(Data shown begins)

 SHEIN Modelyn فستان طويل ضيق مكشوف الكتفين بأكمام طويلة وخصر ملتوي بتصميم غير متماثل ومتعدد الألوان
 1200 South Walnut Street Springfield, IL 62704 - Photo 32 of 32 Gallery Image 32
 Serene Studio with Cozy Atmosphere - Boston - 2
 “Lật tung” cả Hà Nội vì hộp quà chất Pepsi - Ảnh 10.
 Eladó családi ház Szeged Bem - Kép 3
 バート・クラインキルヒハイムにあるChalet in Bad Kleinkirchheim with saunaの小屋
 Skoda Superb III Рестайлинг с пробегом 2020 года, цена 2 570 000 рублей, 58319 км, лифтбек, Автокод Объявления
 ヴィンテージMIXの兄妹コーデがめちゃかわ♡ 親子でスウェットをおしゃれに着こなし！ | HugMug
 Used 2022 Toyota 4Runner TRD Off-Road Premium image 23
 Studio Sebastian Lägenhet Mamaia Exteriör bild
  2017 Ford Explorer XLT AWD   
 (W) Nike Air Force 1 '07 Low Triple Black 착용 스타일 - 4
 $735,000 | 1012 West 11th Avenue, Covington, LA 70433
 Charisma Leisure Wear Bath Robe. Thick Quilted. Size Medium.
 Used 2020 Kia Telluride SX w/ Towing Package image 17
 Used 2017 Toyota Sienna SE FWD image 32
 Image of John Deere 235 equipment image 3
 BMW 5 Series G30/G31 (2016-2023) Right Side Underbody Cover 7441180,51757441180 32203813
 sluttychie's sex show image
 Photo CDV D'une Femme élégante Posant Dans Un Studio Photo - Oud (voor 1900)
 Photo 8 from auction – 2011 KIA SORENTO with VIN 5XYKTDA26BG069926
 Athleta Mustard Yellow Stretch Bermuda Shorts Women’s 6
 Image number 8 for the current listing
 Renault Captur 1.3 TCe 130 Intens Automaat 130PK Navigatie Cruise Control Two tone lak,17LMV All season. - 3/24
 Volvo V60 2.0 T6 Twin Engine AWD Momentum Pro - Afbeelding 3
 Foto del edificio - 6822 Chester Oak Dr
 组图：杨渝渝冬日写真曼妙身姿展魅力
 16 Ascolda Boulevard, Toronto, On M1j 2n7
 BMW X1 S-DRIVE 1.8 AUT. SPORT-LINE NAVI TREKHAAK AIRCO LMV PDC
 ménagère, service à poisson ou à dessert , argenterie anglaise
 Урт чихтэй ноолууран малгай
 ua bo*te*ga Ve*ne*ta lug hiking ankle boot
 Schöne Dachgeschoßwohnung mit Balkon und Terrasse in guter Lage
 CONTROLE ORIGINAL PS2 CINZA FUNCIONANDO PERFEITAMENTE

(Data shown ends)

**Problem details:**
Without leaving anything out, repeat the data exactly.

**Output below:**
 SHEIN Modelyn فستان طويل ضيق مكشوف الكتفين بأكمام طويلة وخصر ملتوي بتصميم غير متماثل ومتعدد الألوان
 1200 South Walnut Street Springfield, IL 62704 - Photo 32 of 32 Gallery Image 32
 Serene Studio with Cozy Atmosphere - Boston - 2
 “Lật tung” cả Hà Nội vì hộp quà chất Pepsi - Ảnh 10.
 Eladó családi ház Szeged Bem - Kép 3
 バート・クラインキルヒハイムにあるChalet in Bad Kleinkirchheim with saunaの小屋
 Skoda Superb III Рестайлинг с пробегом 2020 года, цена 2 570 000 рублей, 58319 км, лифтбек, Автокод Объявления
 ヴィンテージMIXの兄妹コーデがめちゃかわ♡ 親子でスウェットをおしゃれに着こなし！ | HugMug
 Used 2022 Toyota 4Runner TRD Off-Road Premium image 23
 Studio Sebastian Lägenhet Mamaia Exteriör bild
  2017 Ford Explorer XLT AWD   
 (W) Nike Air Force 1 '07 Low Triple Black 착용 스타일 - 4
 $735,000 | 1012 West 11th Avenue, Covington, LA 70433
 Charisma Leisure Wear Bath Robe. Thick Quilted. Size Medium.
 Used 2020 Kia Telluride SX w/ Towing Package image 17
 Used 2017 Toyota Sienna SE FWD image 32
 Image of John Deere 235 equipment image 3
 BMW 5 Series G30/G31 (2016-2023) Right Side Underbody Cover 7441180,51757441180 32203813
 sluttychie's sex show image
 Photo CDV D'une Femme élégante Posant Dans Un Studio Photo - Oud (voor 1900)
 Photo 8 from auction – 2011 KIA SORENTO with VIN 5XYKTDA26BG069926
 Athleta Mustard Yellow Stretch Bermuda Shorts Women’s 6
 Image number 8 for the current listing
 Renault Captur 1.3 TCe 130 Intens Automaat 130PK Navigatie Cruise Control Two tone lak,17LMV All season. - 3/24
 Volvo V60 2.0 T6 Twin Engine AWD Momentum Pro - Afbeelding 3
 Foto del edificio - 6822 Chester Oak Dr
 组图：杨渝渝冬日写真曼妙身姿展魅力
 16 Ascolda Boulevard, Toronto, On M1j 2n7
 BMW X1 S-DRIVE 1.8 AUT. SPORT-LINE NAVI TREKHAAK AIRCO LMV PDC
 ménagère, service à poisson ou à dessert , argenterie anglaise
 Урт чихтэй ноолууран малгай
 ua bo*te*ga Ve*ne*ta lug hiking ankle boot
 Schöne Dachgeschoßwohnung mit Balkon und Terrasse in guter Lage
 CONTROLE ORIGINAL PS2 CINZA FUNCIONANDO PERFEITAMENTE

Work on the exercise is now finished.